LA JEUNE FEMME À L’AIGUILLE de Magnus von Horn

LA JEUNE FEMME À L’AIGUILLE

de Magnus von Horn

Adapté de l’histoire vraie de Dagmar Overbye, une tueuse en série danoise, le film plonge le spectateur dans les rets sombres de l’après Première Guerre mondiale, à travers le regard d’une femme piégée entre désespoir et choix tragiques.

Trine Dyrholm incarne avec brio Karoline, une mère en détresse dont la vie est marquée par la perte et la déception. Le décor de Copenhague, dépeint comme un milieu ouvrier boueux et désenchanté, reflète parfaitement l’état d’esprit de son héroïne. Avec un mari porté disparu sur le front, Karoline se débat pour subvenir à ses besoins en tant que couturière dans une usine de lin, un emploi épuisant qui ne fait qu’accentuer son désespoir. La rencontre avec Jørgen (Joachim Fjelstrup), le riche propriétaire d’usine, et leur liaison tumultueuse deviennent des éléments clés de sa descente aux enfers.

Le film ne se contente pas de raconter une histoire d’amour malheureux ; il explore les choix déchirants de Karoline, qui se retrouve face à une grossesse inattendue. La scène où elle tente de se faire avorter dans un bain public est particulièrement poignante. C’est là qu’elle croise le chemin de Dagmar, interprétée par Dyrholm, qui, sous des airs bienveillants, se révèle être une figure sinistre, une tueuse de bébés déguisée en sainte. Ce personnage, à la fois fascinant et terrifiant, est l’incarnation de la manipulation et de la séduction fatale.

La dynamique entre Karoline et Dagmar est au cœur du film. Karoline, dans une quête désespérée pour échapper à la réalité, tombe innocemment sous l’influence de Dagmar, ignorant les conséquences de ses choix. La manière dont le film construit cette relation est habile, révélant lentement la profondeur du piège dans lequel Karoline s’est engagée. Elle devient nourrice pour les enfants que Dagmar « sauve », ignorant qu’elle est en réalité complice d’une entreprise criminelle.

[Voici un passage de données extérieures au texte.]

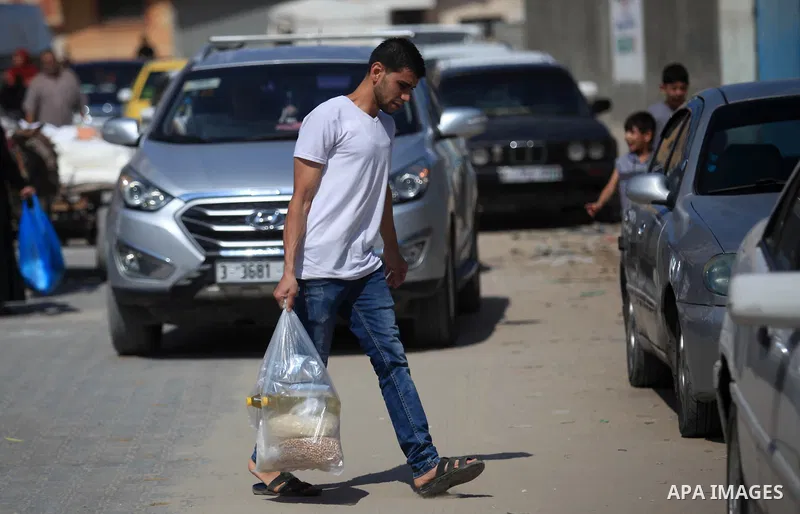 A Palestinian man carries a bag of flour to distribute to families, at an aid distribution centre of the United Nations Relief and Works Agency (UNRWA) in Jabalia in the northern Gaza Strip, on SEP. 21, 2019. Photo by Ma...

« La Fille à l’aiguille » est une œuvre qui parvient à capturer le malaise et l’angoisse de son époque, tout en posant des questions intemporelles sur la maternité, le sacrifice et la moralité. Le scénario, bien écrit et bien interprété, tient le spectateur en haleine tout en suscitant une réflexion sur la condition humaine. La direction de Magnus von Horn est à la fois délicate et percutante, utilisant des plans serrés et des éclairages sombres pour accentuer la tension palpable.

Bien que le sujet soit difficile et parfois dérangeant, « La Fille à l’aiguille » réussit à transcender la simple histoire d’horreur pour devenir une exploration émotionnelle profonde. La performance magistrale de Dyrholm, oscillant entre douceur et froideur, laisse une empreinte indélébile, tandis que le récit de Karoline devient une métaphore poignante des choix désespérés auxquels sont confrontées les femmes dans des circonstances désespérées.

 » La jeune femme à l’aiguille  » se distingue par sa profondeur, un film captivant qui, par son récit audacieux et ses performances puissantes, réussit à nous plonger dans un monde à la fois tragique et fascinant.